Suggested experiments

These example experiments are just to get you thinking. You should devise interesting experiments of your own.

To get started, use the already-trained models from the speaker-dependent experiment.

If you use models trained only on your own speech to recognise the Test set of another speaker, what Word Error Rate do you expect?

That will give you some clues, but isn’t a very sophisticated experiment: no real-world system would attempt to do that. Your main experiments should investigate speaker-independent systems trained and tested on larger numbers of speakers.

The testing speakers must be distinct from the training speakers. You need to control all factors that are not of interest: (including: accent, gender, microphone type, amount of training data). Here are some possible experiment designs:

  1. The effect of gender, with simplistic control over accent and microphone
    • Training set: the training data of 20 female UK English speakers using headset microphones
    • Test set A: the test data of 20 female UK English speakers not in the training set, also using headset microphones
    • Test set B: the test data of 20 male UK English speakers (obviously not in the training set), also using headset microphones
  2. The effect of gender, with more sophisticated control over accent and microphone (version 1)
    • Training set A: the training data of 50 female speakers, with a mixture of accents and microphones
    • Training set B: the training data of 50 male speakers, with a mixture of accents and microphones in the same proportions as training set A
    • Test set: the test data of 50 female speakers not in training set A, with a mixture of accents and microphones in the same proportions as training set A
  3. The effect of gender, with more sophisticated control over accent and microphone (version 2)
    • Training set: the training data of 50 female speakers with a mixture of accents and microphones
    • Test set A: the test data of 50 female speakers not in the training set, with a mixture of accents and microphones in the same proportions as  the training set
    • Test set B: the test data of 50 male speakers, with a mixture of accents and microphones in the same proportions as the training set

Some of these designs are better than others. Can you work out the pros and cons of each design?
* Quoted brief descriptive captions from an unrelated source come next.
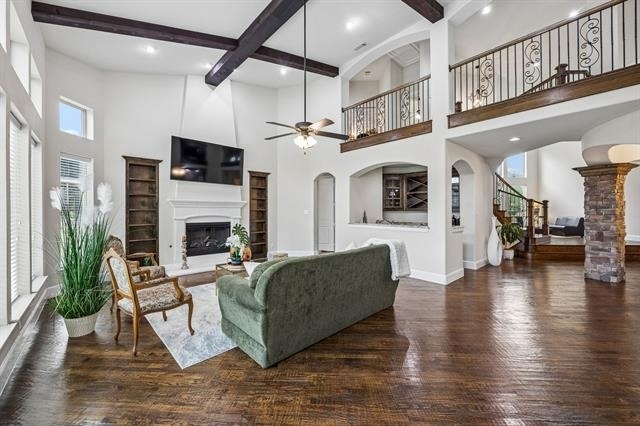 2192 Hidalgo Lane - Photo 3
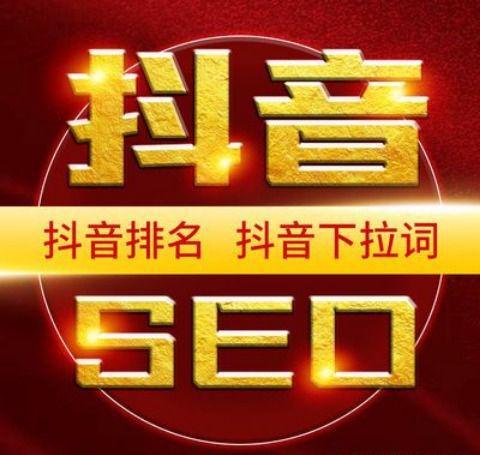 昆明抖音优化公司 (2023年推荐)(图2)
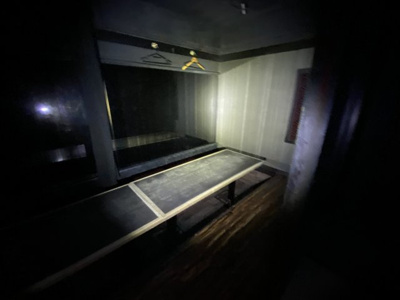  | 諏訪栄町飲食店舗I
What effect does microphone type have?

Design an experiment to discover whether the microphone type is important. This might involve discovering if some microphones give lower Word Error Rate than others, or finding out the effect of mismatches between the Training and Test sets. Remember to control all the other factors.

You can perform equivalent experiments to investigate the gender and accent factors too.
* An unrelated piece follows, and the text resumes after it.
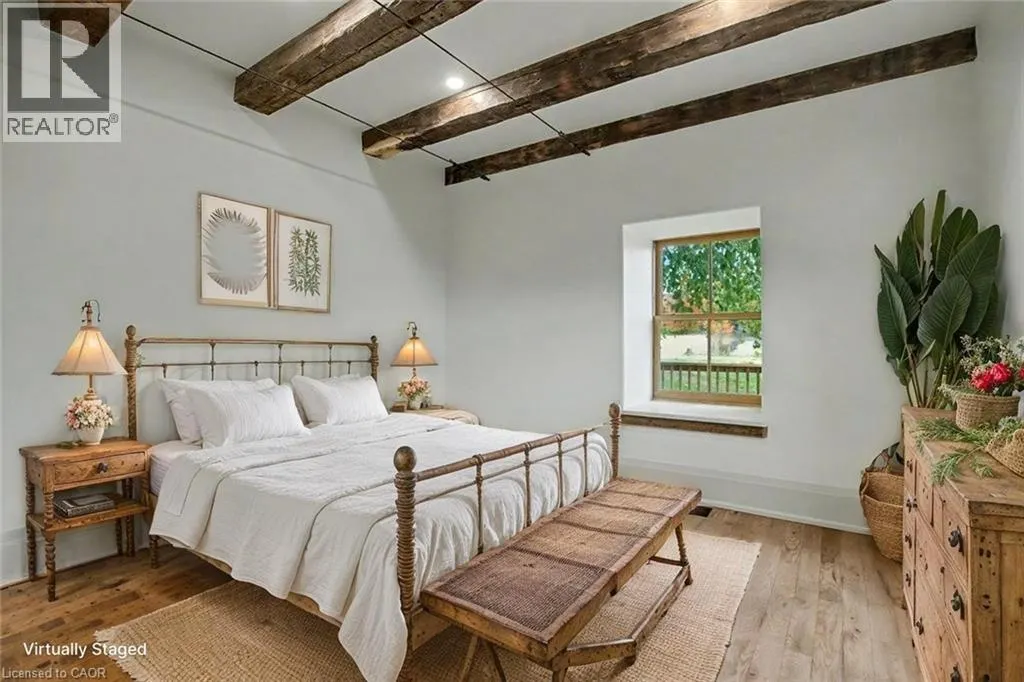 777 LYNDEN ROAD Road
What effect does the amount of training data have?

In machine learning, it’s often said that more training data is better. But is that always the case? Design some experiments to explore this. Include cases where the Training and Test sets are well-matched (e.g., in gender and/or accent, etc) and cases where there is mismatch. What is more important: matched training data, or just more data?

These questions are very important in commercial systems: it costs a lot of money to obtain the training data, so we want to collect the most useful data we can.